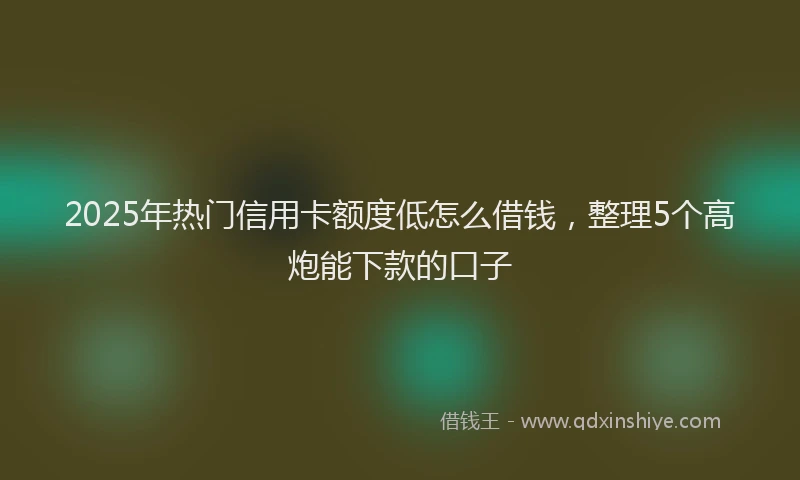 2025年热门信用卡额度低怎么借钱，整理5个高炮能下款的口子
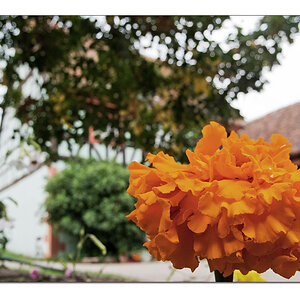 Vorgartenschmuck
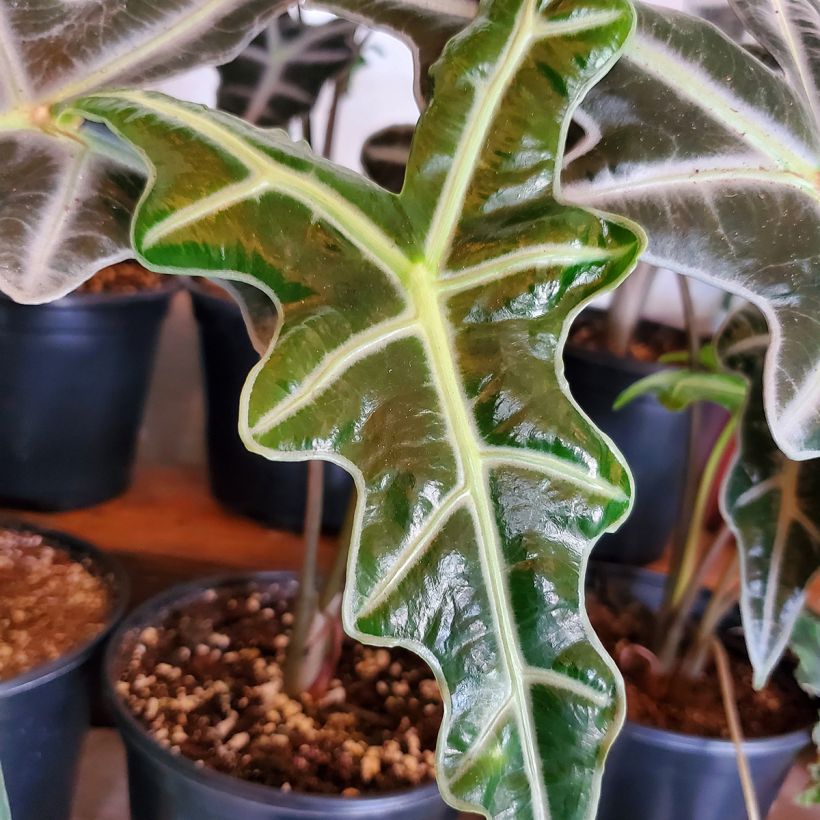 Alocasia Nobilis - Oreja de elefante (Follaje)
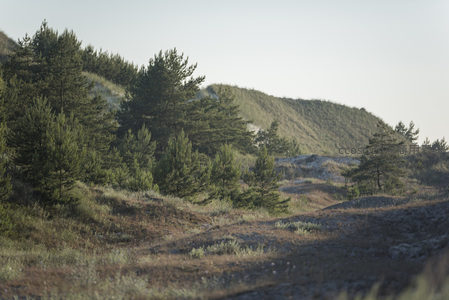 松林山坡晨光下的静谧景致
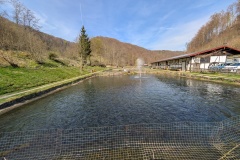 IMG_20260411_124132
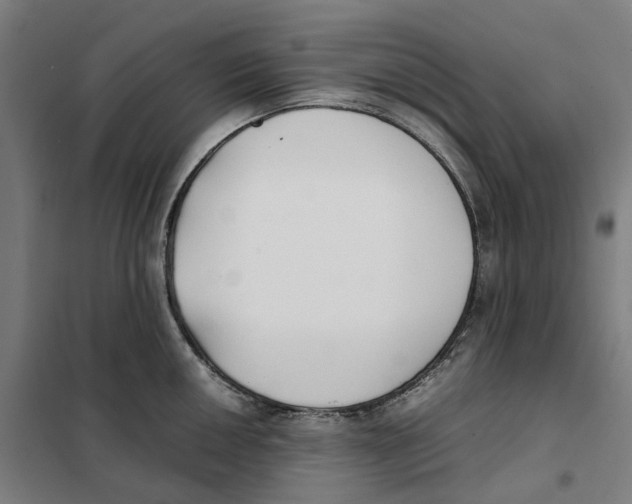 X0000101221050200807251107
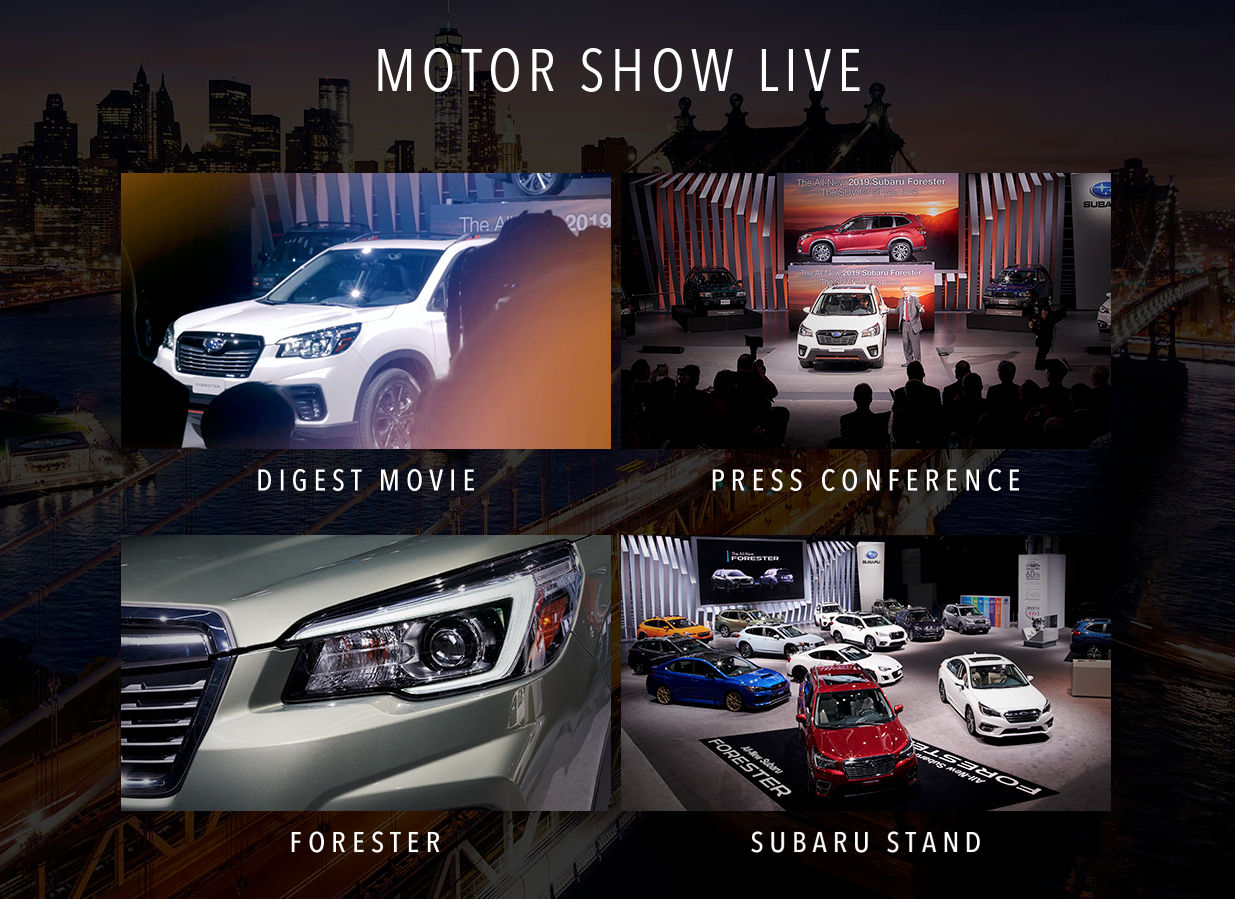2018 New York International Auto Sho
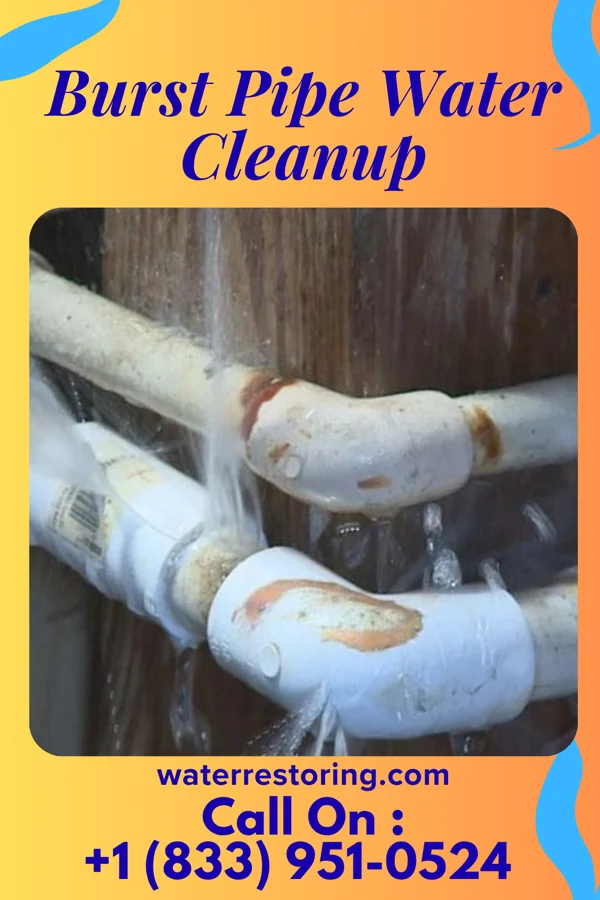 Burst Pipe Water Cleanup in Tuscarawas, OH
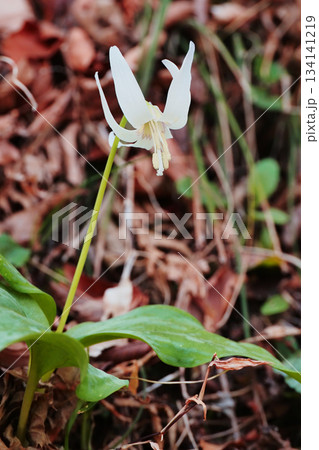シロバナカタクリの花 134141219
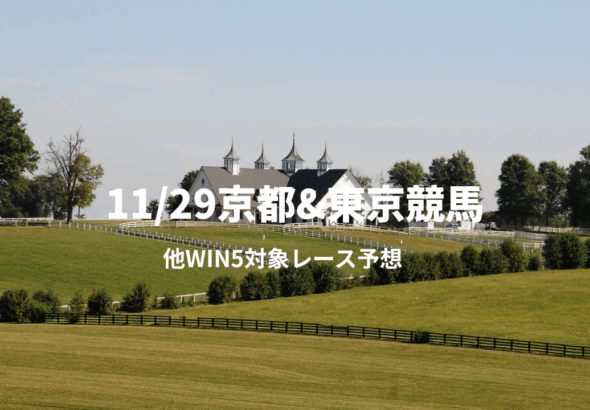 11_29京都東京競馬_20251129_103033_0000.png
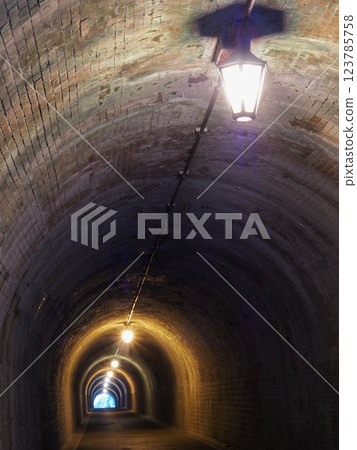 Shizuoka Prefecture, Utsunotani Tunnel (Meiji Tunnel), March 123785758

══════

# Brief:
Starting at the line that holds "11_29京都東京競馬_20251129_103033_0000.png", copy each line exactly through the end of the listing, both ends included. Leave the pictures out.

# Exercise output:
 11_29京都東京競馬_20251129_103033_0000.png
 Shizuoka Prefecture, Utsunotani Tunnel (Meiji Tunnel), March 123785758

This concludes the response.